As deputy convener and parliamentary leader of the MQM the diminutive doctor has an onerous task ahead. On the one hand he has to very subtly work on the ‘minus one’ formula while on the other he must keep the essentially ethnic outfit’s vote bank intact.
Unfortunately, his erstwhile Quaid will not make things easy for him. And thanks to Altaf foul mouthing Pakistan and his third degree methods to silence his opponents’ de-Altafisation in the name of Altaf is not possible.
Right now largely owing to fear of the Rangers wrath Farooq Sattar is getting some tail winds. But with general elections less than two years away, ultimately he will have to rely upon the political process unfolding.
The enigmatic Amir Liaquat, after announcing his departure from the MQM, has claimed that he is receiving death threats from the party goons. He has declared that if he is killed Altaf Hussain would be held responsible.
If this becomes the norm rather than an exception it means that Altaf Bhai through his criminal network in Pakistan will keep on threatening those who have the temerity to defy him.

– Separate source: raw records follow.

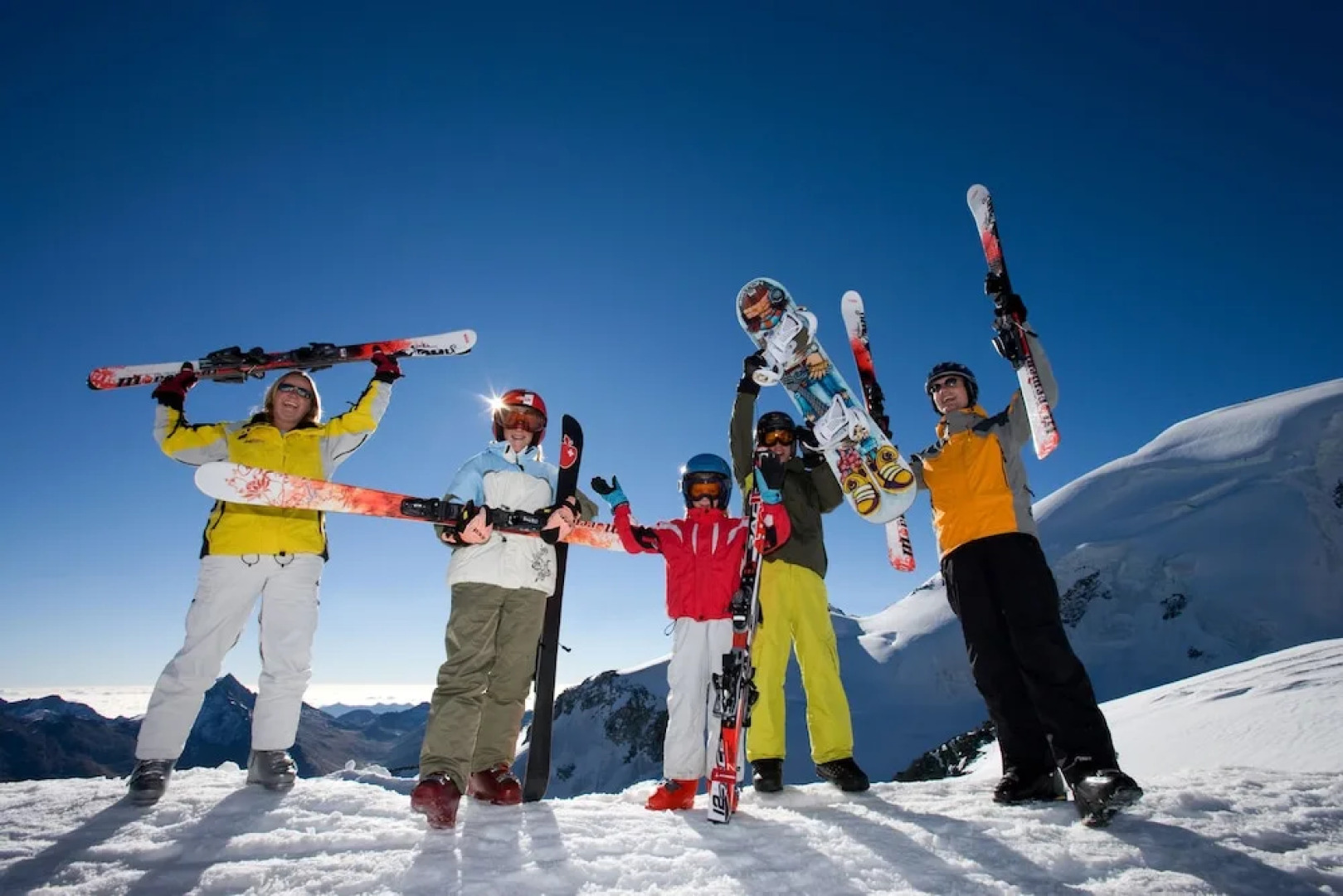 Rubin and Saphir Diamond Apartments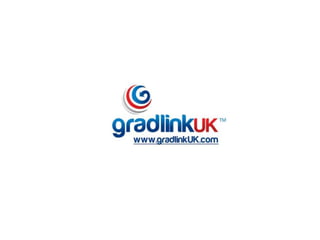 GradLink - Getting the edge back home and beyond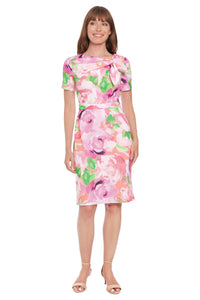 Miley: in Painter's Garden - FINAL SALE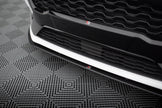 Street Pro Frontläpp för Ford Fiesta Mk8 ST / ST-Line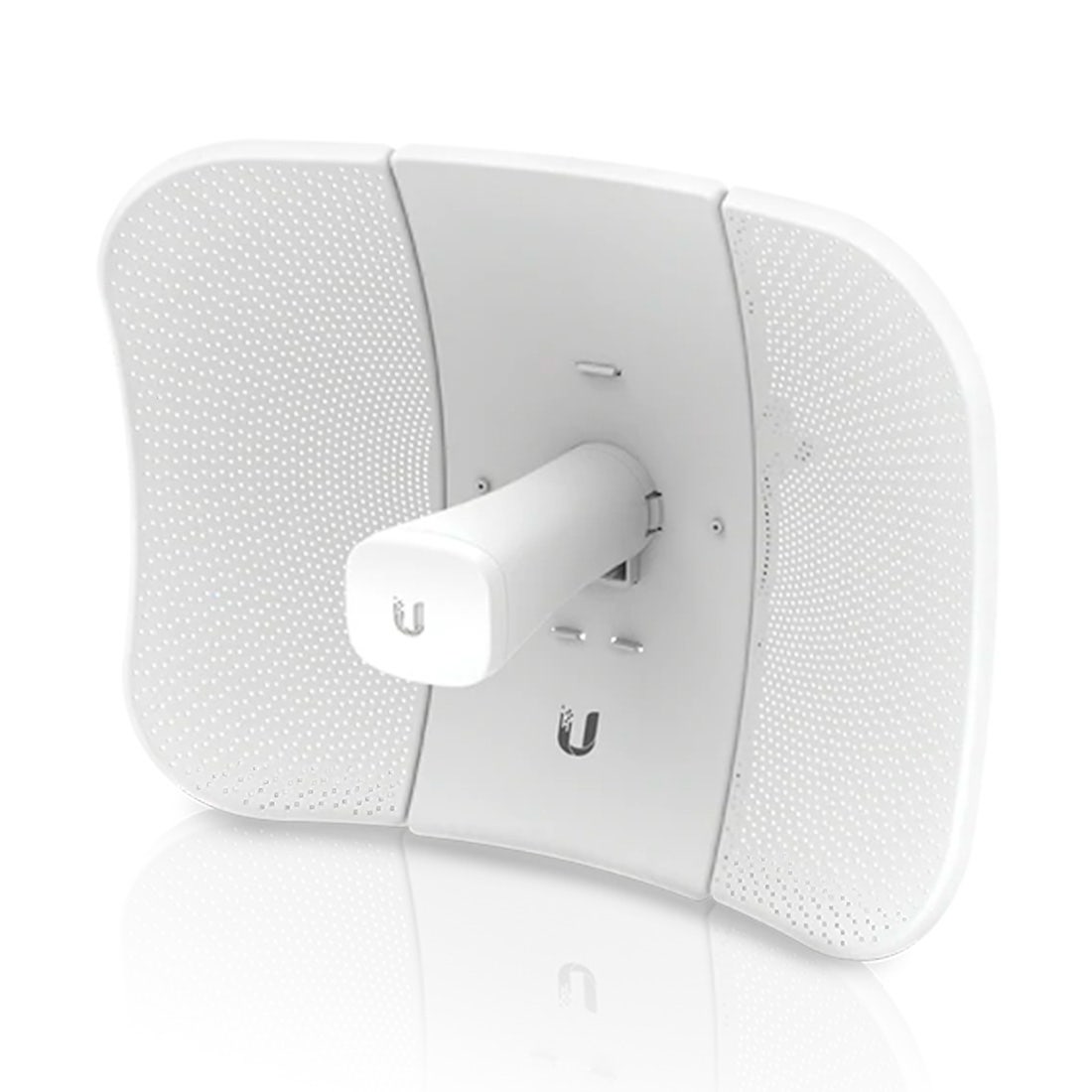 Rádio Ubiquiti AirMAX AC LiteBeam LR 5AC 26dBi - LBE-5AC-LR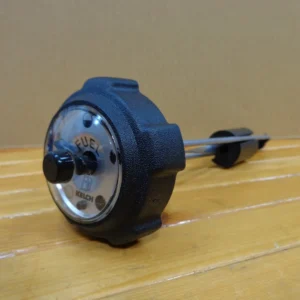 Polaris 7" ATV gas cap fits Sportsman, Scrambler, and more.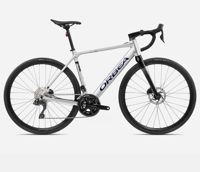 Orbea R314TTCC D3 SIDE GAIN D30i over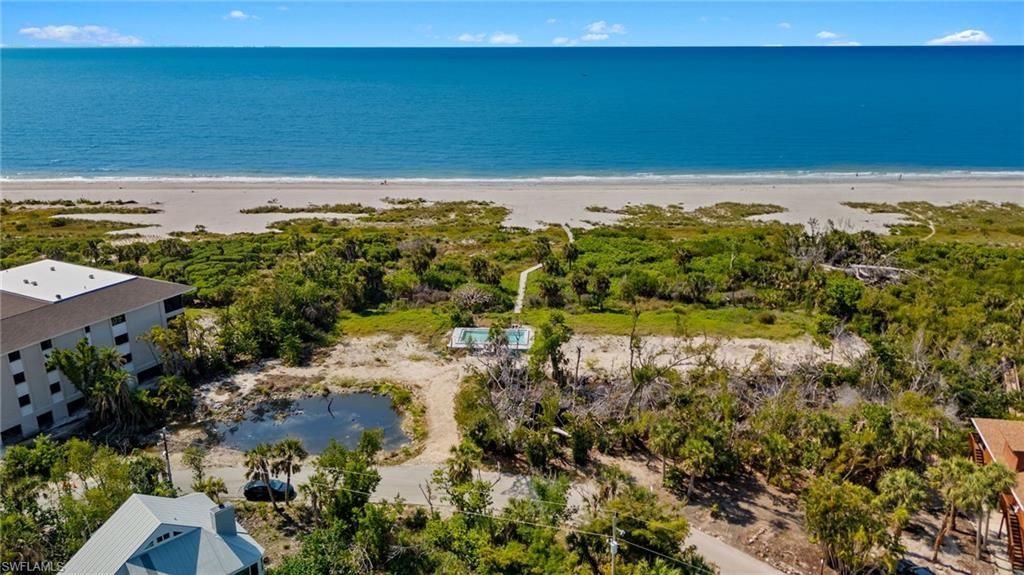 1801 Olde Middle Gulf Dr, Sanibel, FL 33957 Photo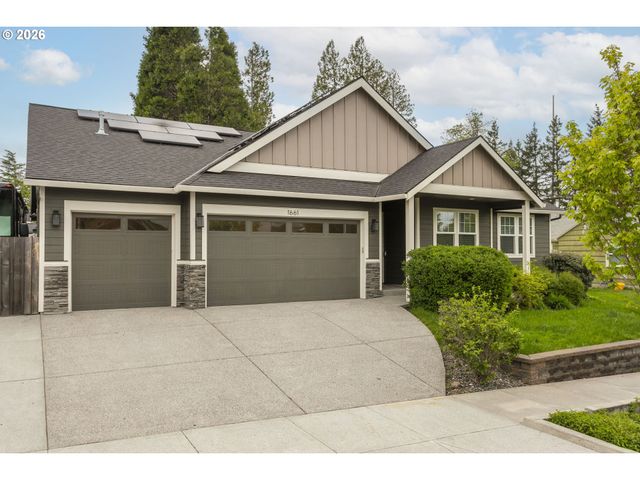 1661 Ne Barnes Ln, Gresham, OR 97030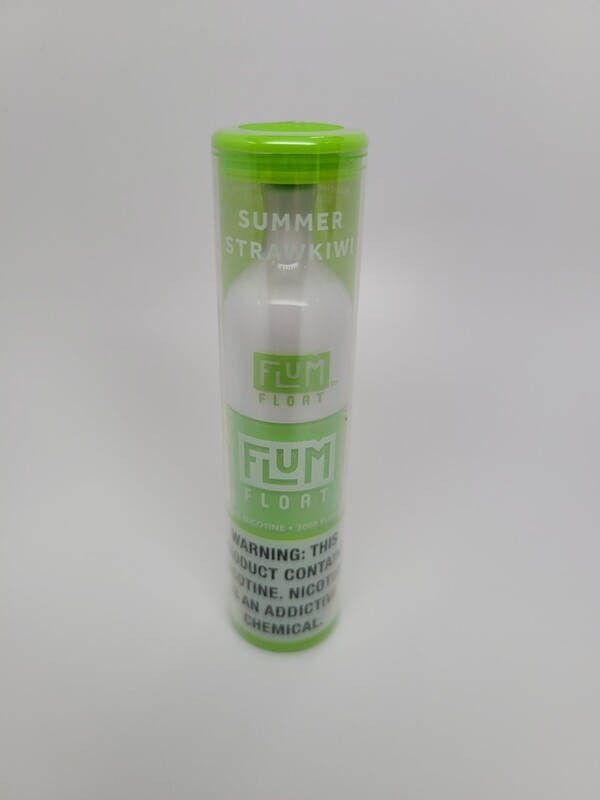 Flum Float Summer Strawkiwi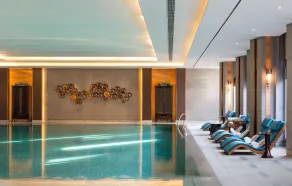 Hyatt Regency Chongming - Pool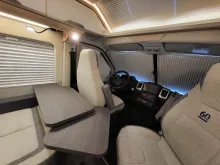 Fahrzeugbild Knaus BoxStar 540 ROAD 60 YEARS *Peugeot*Sparvorteil 10.690€* #34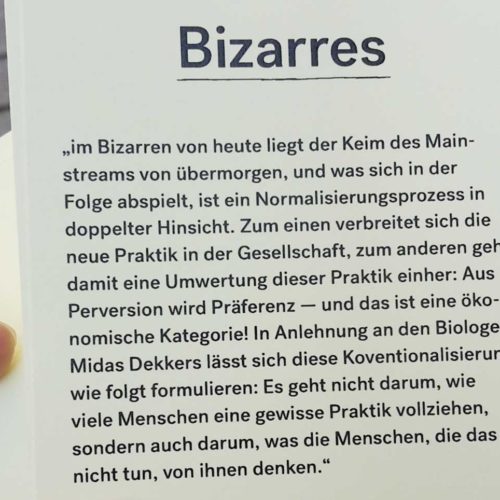 Der Kreativität freien Lauf lassen: Nach einem Workshop im „denkubator“ in Düsseldorf zur Umsetzung von Innovationen stand im Innovation-Camp in Berlin der innovative Kreativitätsprozess in der Praxis im Mittelpunkt. (Foto: EHI)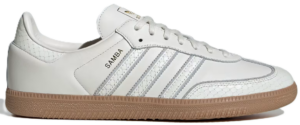 Giay Adidas Samba OG 'Core White' IF1985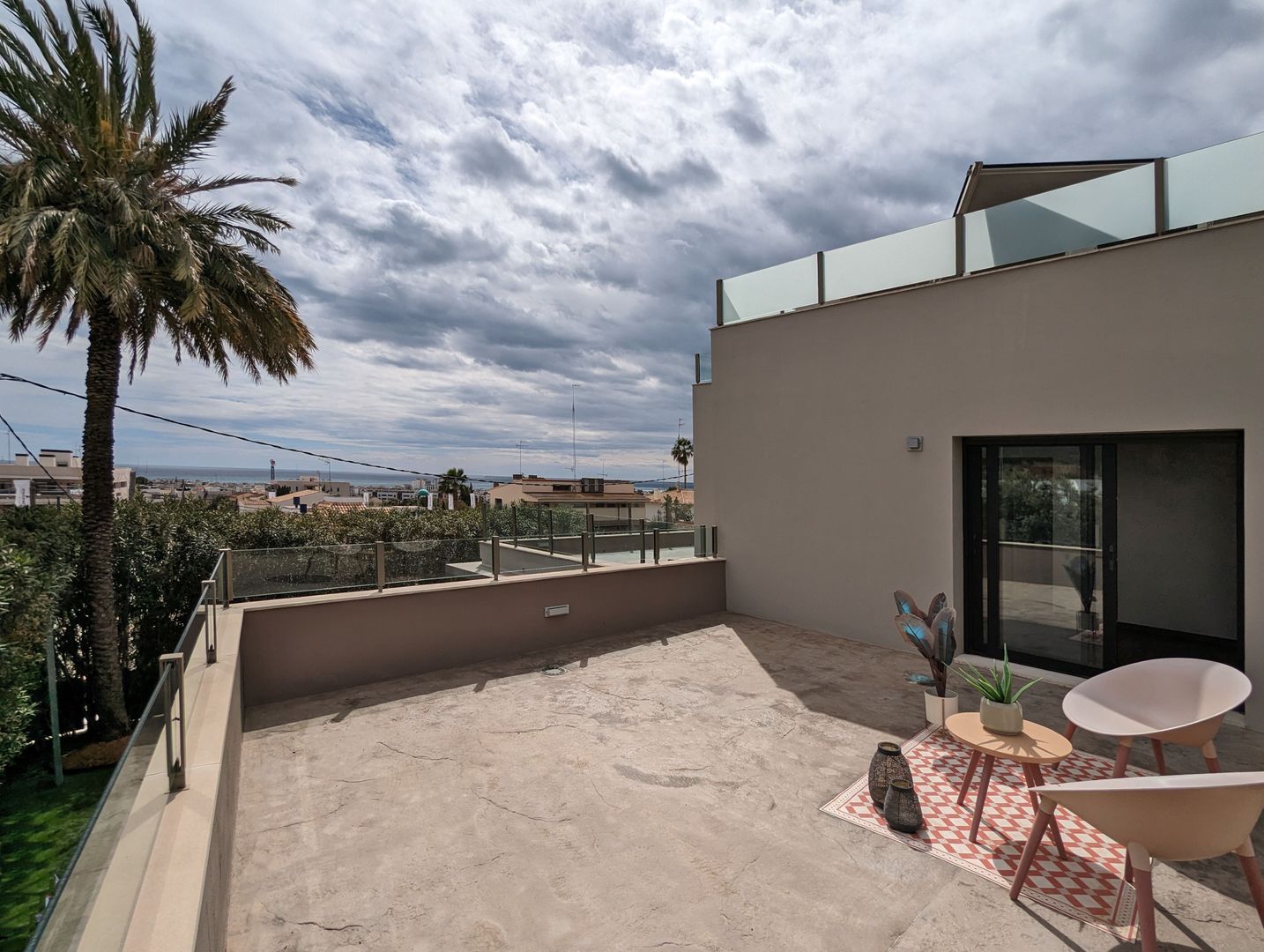 Luxurious Villa with seaviews, Sitges foto-35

Law enforcement agencies in the metropolis will have to work doubly hard to break this network. Farooq Sattar also has the difficult task ahead of how to maintain MQM’s vote bank sans Altaf Hussain.
In the meanwhile the federal government as well as the provincial government should be engaging the MQM to address its genuine concerns. The reasons that led party stalwarts to go on a hunger strike recently should be looked into.
There have been calls for moving a reference against the MQM in the Supreme Court to ban it a la NAP (National Awami Party) by Zulfiquar Ali Bhutto in February 1975 after PPP leader Hayat Mohammad Sherpao was assassinated. Of course banning a political party with incipient grass roots support and constituencies never works.
NAP’s successor ANP (Awami National Party) exists even to this day under the leadership of Wali Khan’s son Asfandayar Wali. The same applies to the MQM.
If banned it will re-emerge under a new nomenclature. To exorcise the MQM from the ghost of Altaf Hussain might be the ultimate solution.